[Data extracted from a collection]

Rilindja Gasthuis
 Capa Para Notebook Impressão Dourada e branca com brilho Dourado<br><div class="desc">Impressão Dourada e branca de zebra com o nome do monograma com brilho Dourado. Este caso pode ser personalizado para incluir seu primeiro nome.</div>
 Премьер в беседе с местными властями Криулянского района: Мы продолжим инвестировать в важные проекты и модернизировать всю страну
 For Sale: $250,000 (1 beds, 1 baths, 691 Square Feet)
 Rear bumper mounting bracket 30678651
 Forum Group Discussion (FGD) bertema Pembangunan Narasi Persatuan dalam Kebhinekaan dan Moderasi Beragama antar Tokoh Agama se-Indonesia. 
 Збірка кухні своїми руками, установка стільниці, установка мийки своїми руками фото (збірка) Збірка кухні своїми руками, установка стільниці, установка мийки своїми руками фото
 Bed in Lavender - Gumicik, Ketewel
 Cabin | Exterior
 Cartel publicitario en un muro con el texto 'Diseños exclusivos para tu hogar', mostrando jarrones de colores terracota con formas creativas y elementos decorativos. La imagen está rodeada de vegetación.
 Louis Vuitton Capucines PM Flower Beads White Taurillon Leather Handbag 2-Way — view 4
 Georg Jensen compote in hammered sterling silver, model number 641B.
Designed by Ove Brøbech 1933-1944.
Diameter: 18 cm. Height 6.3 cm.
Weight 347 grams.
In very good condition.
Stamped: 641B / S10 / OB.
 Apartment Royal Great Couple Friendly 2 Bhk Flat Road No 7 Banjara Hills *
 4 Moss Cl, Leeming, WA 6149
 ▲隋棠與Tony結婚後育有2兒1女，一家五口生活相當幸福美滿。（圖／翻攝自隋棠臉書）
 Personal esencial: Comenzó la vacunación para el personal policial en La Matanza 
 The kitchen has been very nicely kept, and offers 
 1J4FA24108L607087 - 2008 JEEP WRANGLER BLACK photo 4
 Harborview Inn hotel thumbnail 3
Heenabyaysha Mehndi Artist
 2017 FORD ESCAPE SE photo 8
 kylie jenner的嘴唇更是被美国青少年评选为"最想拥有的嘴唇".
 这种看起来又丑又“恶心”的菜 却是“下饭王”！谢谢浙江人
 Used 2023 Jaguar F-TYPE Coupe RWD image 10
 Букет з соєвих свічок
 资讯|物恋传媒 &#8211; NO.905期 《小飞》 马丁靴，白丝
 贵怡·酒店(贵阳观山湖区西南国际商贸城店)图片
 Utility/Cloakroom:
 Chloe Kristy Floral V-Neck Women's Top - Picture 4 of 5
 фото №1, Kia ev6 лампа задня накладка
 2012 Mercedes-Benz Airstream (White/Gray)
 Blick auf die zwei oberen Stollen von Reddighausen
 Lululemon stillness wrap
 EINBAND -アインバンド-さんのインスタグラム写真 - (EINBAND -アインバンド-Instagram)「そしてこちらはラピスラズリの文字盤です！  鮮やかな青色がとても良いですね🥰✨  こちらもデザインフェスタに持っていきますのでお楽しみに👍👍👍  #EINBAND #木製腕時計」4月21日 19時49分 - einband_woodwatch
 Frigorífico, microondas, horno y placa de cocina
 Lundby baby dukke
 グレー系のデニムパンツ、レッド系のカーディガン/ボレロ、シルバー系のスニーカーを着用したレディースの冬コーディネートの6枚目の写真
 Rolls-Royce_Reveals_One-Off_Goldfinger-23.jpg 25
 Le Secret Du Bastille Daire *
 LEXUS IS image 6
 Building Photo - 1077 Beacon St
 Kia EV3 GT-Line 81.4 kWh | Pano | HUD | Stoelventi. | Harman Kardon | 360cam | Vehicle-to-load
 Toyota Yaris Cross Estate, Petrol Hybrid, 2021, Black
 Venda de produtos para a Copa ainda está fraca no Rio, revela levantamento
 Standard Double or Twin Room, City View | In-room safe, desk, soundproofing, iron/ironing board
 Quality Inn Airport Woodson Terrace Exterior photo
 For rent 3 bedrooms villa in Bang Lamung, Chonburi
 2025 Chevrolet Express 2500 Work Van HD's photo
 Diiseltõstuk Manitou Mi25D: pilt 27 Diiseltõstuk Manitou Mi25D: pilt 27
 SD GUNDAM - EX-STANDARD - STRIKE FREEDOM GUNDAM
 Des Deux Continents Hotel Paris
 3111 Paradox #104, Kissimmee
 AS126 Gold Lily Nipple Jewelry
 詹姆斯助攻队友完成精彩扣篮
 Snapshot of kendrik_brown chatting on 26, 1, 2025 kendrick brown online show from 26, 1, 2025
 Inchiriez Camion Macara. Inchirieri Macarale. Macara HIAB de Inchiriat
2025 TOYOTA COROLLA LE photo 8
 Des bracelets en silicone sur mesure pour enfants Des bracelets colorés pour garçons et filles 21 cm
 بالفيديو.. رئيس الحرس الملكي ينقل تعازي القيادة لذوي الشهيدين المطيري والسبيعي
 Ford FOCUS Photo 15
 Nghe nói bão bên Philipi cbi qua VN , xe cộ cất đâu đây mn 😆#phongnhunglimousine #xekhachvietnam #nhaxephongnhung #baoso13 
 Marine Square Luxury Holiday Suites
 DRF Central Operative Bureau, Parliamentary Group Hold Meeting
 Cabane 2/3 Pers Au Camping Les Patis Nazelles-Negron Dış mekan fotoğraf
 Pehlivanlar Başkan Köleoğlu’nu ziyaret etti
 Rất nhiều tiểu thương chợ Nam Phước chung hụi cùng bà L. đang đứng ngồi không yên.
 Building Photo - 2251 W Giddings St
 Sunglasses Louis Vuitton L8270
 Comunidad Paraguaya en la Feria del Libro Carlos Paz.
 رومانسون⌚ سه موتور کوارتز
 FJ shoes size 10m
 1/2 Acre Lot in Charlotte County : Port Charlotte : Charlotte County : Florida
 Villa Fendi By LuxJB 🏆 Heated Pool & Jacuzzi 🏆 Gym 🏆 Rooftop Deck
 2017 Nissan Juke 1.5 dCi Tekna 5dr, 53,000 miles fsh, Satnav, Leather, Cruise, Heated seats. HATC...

■ Aim of the exercise
Write out each line above with the word "Group".

■ Your response
 Forum Group Discussion (FGD) bertema Pembangunan Narasi Persatuan dalam Kebhinekaan dan Moderasi Beragama antar Tokoh Agama se-Indonesia. 
 DRF Central Operative Bureau, Parliamentary Group Hold Meeting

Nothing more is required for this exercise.